= Murray Corporation of America =

Murray Corporation of America run from 1600 Clay Street, Detroit Michigan was, from 1925 until 1939, a major supplier of complete automobile bodies to Ford. Non-automotive stamped steel products were added during the Great Depression of the 1930s. Production switched to wings for wartime aircraft and other aircraft components. Post World War II, it moved further into stainless steel products including cabinets and kitchen sinks. Washing machines, plumbing and bathroom fixtures, cutting tools and truck engine parts followed. Its last automotive products plant was sold in 1955.

By the 1960s a Fortune 500 company Murray later passed through the ownership of Dyson Kissner-Moran to Household International which is now a subsidiary of HSBC.

==Automotive bodies industry consolidation==
J W Murray Mfg Co was founded in 1913 by John William Murray and his son to make stamped sheet metal part for automobiles. its premises were in Detroit and located near what is now the Cadillac Hamtramck assembly plant. J W Murray established a second plant at Ecorse, Michigan.

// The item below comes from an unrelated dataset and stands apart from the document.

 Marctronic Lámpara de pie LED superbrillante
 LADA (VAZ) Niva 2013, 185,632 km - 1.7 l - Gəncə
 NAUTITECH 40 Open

Murray Body Corporation was created in 1924 by merging C R Wilson Body Co of Milwaukee Junction, Detroit with three Hamtramck businesses, Murray Manufacturing, Towson and Widman. Both Wilson and Murray were long standing suppliers to Ford. Combined the businesses could build 60,000 to 70,000 bodies a year. Towson Body Co and J C Widman & Co. (Towson include the Anderson Electric Car Co) were Murray's neighbors in Hamtramck.

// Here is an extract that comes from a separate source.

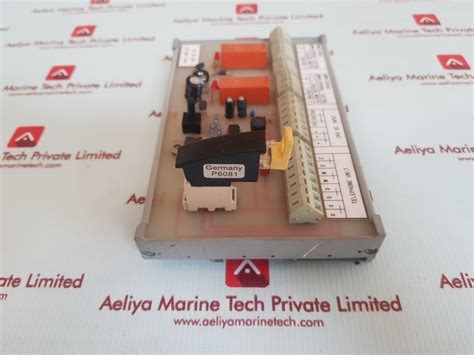 Wago con 122 pcb card s01 02 122 – Aeliya Marine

On the merger Murray Body Corporation became, after Fisher and Briggs, the third largest body company in the United States.

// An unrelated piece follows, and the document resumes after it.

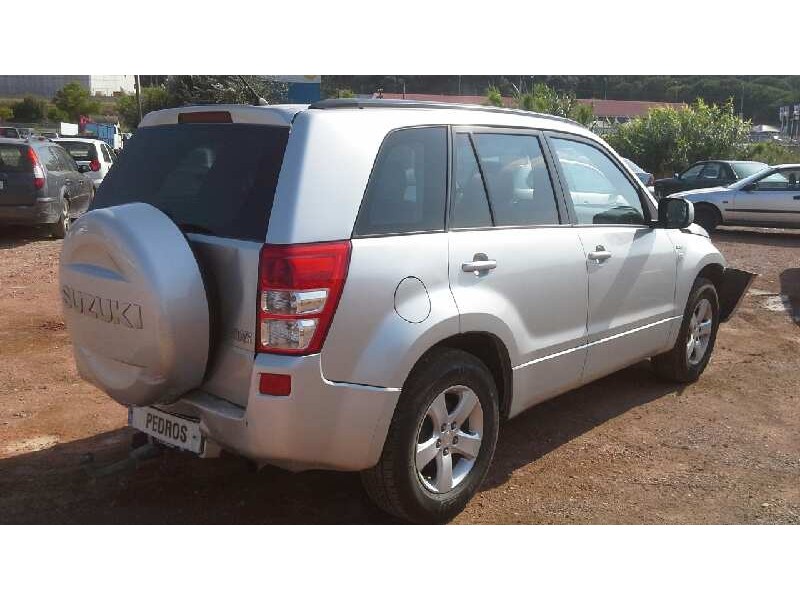 suzuki grand vitara jb (jt) del año 2007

A short sharp recession forced a financial reorganization and as of January 1927 the business was moved into the ownership of Murray Corporation of America.

==Custom bodywork==
Raymond H Dietrich

==Clarence Avery==
Clarence Avery, recruited from Ford in 1927 and driving force of Murray for 20 years, is credited with introducing his industry to time-study and the moving assembly line. Avery was also well known for dealing effectively with autoworkers grievances working in with UAW.